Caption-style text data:

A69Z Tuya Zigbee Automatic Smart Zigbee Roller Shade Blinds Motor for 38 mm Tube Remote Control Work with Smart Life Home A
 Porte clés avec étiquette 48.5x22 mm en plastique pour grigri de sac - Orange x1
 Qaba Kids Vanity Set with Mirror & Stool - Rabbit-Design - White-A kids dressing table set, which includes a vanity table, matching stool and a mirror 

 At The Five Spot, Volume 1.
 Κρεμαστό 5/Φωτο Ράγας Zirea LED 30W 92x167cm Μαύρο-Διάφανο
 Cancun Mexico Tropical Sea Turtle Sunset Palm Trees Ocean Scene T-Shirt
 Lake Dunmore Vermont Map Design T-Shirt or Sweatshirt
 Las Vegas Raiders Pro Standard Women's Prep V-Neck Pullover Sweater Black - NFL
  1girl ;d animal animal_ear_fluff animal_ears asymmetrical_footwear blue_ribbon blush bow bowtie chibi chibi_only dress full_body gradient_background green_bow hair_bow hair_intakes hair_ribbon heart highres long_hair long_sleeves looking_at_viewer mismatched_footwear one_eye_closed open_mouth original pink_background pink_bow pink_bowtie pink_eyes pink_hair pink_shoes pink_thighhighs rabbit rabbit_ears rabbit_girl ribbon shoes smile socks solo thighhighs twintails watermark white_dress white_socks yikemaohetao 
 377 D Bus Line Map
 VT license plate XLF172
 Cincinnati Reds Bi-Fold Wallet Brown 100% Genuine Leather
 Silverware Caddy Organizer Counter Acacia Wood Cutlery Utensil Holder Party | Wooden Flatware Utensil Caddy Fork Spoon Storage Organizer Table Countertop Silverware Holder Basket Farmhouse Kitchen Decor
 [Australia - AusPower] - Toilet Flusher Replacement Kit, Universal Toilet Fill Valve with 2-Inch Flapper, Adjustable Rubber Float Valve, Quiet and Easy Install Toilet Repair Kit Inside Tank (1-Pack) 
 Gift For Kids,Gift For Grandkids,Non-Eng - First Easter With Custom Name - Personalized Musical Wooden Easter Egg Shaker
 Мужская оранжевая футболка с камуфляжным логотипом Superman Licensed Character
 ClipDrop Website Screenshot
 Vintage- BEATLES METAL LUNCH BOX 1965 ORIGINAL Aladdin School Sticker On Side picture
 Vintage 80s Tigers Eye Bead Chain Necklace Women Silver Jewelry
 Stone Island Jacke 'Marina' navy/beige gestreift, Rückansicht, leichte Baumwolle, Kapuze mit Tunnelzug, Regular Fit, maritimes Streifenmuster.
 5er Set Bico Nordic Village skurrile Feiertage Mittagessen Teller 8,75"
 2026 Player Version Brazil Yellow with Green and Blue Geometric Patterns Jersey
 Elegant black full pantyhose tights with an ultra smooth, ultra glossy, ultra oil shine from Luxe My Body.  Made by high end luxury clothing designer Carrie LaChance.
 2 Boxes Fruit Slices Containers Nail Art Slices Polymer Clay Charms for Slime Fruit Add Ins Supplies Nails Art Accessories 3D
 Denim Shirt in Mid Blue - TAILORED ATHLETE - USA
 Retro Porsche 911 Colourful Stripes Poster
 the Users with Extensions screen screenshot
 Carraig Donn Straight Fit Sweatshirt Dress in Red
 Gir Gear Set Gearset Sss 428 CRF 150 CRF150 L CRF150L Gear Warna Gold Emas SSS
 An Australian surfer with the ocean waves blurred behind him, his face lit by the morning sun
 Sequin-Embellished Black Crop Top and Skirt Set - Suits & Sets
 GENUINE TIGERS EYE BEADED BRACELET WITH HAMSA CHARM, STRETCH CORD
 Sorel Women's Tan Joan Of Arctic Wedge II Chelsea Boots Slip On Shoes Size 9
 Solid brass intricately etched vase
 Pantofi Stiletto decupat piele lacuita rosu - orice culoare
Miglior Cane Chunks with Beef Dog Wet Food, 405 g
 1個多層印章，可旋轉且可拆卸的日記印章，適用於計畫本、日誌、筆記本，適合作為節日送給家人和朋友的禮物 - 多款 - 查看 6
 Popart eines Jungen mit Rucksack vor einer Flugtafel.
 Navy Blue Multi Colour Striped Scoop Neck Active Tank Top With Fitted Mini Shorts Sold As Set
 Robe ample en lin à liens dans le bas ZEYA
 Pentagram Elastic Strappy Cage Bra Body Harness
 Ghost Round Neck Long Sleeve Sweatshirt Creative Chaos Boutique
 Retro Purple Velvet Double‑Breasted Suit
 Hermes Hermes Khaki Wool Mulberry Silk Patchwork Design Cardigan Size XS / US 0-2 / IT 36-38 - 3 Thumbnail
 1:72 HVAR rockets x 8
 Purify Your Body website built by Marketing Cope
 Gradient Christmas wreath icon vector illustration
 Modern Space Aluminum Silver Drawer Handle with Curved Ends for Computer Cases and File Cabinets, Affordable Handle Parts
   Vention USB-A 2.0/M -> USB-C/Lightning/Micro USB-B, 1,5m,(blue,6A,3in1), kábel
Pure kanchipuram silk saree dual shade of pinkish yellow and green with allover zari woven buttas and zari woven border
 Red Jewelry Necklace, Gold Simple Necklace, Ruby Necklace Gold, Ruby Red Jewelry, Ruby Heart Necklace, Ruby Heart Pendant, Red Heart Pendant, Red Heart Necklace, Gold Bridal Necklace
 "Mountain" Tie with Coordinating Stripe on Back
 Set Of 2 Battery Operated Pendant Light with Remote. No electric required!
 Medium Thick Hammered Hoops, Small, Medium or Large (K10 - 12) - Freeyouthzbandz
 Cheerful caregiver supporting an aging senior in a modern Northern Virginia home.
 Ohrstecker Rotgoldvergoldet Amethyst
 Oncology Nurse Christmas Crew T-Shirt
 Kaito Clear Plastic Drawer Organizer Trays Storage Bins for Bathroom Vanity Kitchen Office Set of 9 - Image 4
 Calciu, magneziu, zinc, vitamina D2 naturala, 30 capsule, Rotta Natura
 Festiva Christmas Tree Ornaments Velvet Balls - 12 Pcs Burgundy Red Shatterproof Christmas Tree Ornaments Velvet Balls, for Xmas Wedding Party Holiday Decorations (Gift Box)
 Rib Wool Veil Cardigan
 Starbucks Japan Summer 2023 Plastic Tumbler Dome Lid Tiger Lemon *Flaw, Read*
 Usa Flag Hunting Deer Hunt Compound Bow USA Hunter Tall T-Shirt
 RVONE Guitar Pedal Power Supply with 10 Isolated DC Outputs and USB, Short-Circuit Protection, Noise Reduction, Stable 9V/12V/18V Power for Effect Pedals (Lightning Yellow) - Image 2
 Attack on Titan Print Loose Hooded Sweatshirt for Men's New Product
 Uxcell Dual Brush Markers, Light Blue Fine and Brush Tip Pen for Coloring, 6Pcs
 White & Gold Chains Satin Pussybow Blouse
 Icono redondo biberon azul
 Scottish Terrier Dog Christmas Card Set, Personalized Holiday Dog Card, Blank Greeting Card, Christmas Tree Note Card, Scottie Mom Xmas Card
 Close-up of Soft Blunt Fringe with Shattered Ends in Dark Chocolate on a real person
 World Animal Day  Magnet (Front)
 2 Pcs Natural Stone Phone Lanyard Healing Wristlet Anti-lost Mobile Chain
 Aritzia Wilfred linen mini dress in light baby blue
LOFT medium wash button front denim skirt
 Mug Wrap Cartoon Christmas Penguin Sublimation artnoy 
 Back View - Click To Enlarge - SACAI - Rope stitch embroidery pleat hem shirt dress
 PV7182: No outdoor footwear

YOUR ASSIGNMENT:
Whenever the string "Lightning" turns up in a line of the data, copy that line.

RESPONSE AREA:
   Vention USB-A 2.0/M -> USB-C/Lightning/Micro USB-B, 1,5m,(blue,6A,3in1), kábel
 RVONE Guitar Pedal Power Supply with 10 Isolated DC Outputs and USB, Short-Circuit Protection, Noise Reduction, Stable 9V/12V/18V Power for Effect Pedals (Lightning Yellow) - Image 2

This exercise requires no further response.